Kinetic Open Storage Project is not the OpenKinect Project

Three disk-drive giants and eight other IT suppliers have set up an alliance to promote directly-addressed object-storage – hard drives that store data in the form of keys and values, in other words.

The eleven have formed the Kinetic Open Storage Project (KOSP), which has joined the Linux Foundation as a collaborative project. The eleven suppliers are:

  • Seagate, which first invented the idea of Ethernet-accessed key-value store drives with its Kinetic disk drive.
  • Toshiba, with its own Ethernet key-value store drives.
  • WD, whose HGST subsidiary has its own directly-addressed object storage disk drive technology.
  • Cisco.
  • Cleversafe, an object storage software supplier.
  • Dell, which is setting up a reselling deal with Scality.
  • DigitalSense.
  • NetApp, which has its StorageGRID object storage product.
  • Open vStorage.
  • Red Hat.
  • Scality, which has its RING object storage software product.
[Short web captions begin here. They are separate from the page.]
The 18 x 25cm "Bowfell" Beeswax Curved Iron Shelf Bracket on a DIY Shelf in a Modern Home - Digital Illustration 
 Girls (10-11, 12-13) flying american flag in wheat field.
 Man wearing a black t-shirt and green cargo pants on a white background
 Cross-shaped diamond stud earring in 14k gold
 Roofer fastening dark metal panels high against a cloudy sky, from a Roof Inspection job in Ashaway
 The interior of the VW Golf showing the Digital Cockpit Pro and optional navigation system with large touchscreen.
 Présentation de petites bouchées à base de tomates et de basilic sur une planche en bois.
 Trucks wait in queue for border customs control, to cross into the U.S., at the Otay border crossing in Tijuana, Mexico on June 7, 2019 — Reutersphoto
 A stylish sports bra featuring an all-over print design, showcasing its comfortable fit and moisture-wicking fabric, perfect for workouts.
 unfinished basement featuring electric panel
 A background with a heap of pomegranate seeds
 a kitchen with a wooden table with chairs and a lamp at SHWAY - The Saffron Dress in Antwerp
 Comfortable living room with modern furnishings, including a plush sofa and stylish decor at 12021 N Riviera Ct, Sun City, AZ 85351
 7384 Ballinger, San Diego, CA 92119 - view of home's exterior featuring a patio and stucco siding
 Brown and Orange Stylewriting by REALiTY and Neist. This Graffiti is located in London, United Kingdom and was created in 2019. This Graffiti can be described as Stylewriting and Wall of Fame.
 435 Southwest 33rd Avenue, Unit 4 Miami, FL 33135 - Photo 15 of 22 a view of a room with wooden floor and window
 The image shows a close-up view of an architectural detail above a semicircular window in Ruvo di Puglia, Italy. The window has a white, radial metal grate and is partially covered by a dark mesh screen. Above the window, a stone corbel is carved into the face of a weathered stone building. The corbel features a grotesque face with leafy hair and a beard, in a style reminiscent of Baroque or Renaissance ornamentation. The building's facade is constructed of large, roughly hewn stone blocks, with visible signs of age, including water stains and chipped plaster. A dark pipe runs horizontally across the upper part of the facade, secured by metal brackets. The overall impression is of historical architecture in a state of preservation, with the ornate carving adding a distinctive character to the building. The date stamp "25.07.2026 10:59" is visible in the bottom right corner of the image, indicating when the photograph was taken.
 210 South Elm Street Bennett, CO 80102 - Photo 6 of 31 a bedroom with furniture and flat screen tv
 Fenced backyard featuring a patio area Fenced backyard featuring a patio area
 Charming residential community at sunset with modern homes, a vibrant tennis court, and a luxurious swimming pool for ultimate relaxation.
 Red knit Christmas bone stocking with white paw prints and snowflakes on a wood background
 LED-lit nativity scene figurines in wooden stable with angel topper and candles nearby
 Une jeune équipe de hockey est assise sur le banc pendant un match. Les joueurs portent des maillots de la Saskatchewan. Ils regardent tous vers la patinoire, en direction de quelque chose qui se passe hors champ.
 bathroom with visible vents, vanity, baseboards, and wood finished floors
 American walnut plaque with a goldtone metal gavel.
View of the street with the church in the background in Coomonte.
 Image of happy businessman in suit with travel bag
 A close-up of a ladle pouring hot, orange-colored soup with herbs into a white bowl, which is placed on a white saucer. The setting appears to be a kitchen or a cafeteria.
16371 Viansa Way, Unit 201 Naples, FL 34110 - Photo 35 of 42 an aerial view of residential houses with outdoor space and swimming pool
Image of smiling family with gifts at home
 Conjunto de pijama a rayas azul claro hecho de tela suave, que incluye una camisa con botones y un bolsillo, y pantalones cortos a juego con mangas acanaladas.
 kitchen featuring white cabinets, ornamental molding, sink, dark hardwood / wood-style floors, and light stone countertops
Exablox, which supported the Toshiba approach when it was announced, is not a member of the KOSP group.

KOSP wants to provide "open-source object storage on next-generation Ethernet-enabled storage devices." In other words, software and systems will see a standard key-value store when accessing Seagate, Toshiba, and Western Digital Ethernet key-value store disks, and they won't need to deal with three separate access protocols and data-moving semantics.

It is blindingly obvious that a common access protocol and semantics are needed for the concept to move forward. There will be APIs, open source libraries, and simulators developed, so that software and system developers can develop new applications and modify existing ones in order to use and manage the key-value store disk drives.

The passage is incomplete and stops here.